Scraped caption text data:
★ ★ ★

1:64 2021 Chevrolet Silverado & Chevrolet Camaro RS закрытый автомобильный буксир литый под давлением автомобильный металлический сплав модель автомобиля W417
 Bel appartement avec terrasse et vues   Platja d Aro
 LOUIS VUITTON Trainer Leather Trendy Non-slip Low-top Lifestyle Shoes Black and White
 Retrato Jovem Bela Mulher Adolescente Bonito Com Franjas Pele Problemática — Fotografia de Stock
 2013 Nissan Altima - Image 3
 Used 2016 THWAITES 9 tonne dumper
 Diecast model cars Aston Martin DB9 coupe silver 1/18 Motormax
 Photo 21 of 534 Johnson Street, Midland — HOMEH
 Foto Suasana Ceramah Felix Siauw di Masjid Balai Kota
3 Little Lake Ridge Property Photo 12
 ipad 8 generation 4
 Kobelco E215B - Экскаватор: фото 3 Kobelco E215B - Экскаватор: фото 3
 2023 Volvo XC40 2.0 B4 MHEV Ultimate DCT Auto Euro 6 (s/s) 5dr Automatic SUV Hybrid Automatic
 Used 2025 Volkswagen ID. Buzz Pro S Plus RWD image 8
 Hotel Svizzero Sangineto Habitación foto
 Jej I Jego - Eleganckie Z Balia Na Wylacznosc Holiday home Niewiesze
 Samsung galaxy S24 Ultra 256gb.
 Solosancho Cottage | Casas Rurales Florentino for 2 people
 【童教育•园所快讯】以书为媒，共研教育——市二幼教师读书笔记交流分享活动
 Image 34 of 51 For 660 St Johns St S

★ ★ ★

Start copying at the line that contains "Used 2025 Volkswagen" and stop after the last line of the records, keeping every line exactly.

 Used 2025 Volkswagen ID. Buzz Pro S Plus RWD image 8
 Hotel Svizzero Sangineto Habitación foto
 Jej I Jego - Eleganckie Z Balia Na Wylacznosc Holiday home Niewiesze
 Samsung galaxy S24 Ultra 256gb.
 Solosancho Cottage | Casas Rurales Florentino for 2 people
 【童教育•园所快讯】以书为媒，共研教育——市二幼教师读书笔记交流分享活动
 Image 34 of 51 For 660 St Johns St S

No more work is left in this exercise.